Data in this exercise below:

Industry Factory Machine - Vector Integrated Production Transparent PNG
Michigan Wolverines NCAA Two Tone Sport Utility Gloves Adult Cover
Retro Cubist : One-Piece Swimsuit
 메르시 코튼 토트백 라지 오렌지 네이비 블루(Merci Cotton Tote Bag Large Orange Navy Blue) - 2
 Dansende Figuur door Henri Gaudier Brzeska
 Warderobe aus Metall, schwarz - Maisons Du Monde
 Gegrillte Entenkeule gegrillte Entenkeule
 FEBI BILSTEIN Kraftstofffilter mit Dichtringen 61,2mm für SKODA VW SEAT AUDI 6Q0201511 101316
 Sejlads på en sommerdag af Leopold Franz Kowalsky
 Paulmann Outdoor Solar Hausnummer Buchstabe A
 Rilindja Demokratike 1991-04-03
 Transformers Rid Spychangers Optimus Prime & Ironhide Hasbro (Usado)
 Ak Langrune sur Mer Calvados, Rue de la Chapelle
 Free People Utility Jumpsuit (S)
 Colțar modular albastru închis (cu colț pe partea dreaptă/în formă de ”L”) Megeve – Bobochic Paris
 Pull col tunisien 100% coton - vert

End of Data in this exercise.

Everything from the line with "Retro Cubist : One-Piece Swimsuit" through the line with "FEBI BILSTEIN Kraftstofffilter" in the listing above must be retyped exactly, with nothing added.

Written answer.
Retro Cubist : One-Piece Swimsuit
 메르시 코튼 토트백 라지 오렌지 네이비 블루(Merci Cotton Tote Bag Large Orange Navy Blue) - 2
 Dansende Figuur door Henri Gaudier Brzeska
 Warderobe aus Metall, schwarz - Maisons Du Monde
 Gegrillte Entenkeule gegrillte Entenkeule
 FEBI BILSTEIN Kraftstofffilter mit Dichtringen 61,2mm für SKODA VW SEAT AUDI 6Q0201511 101316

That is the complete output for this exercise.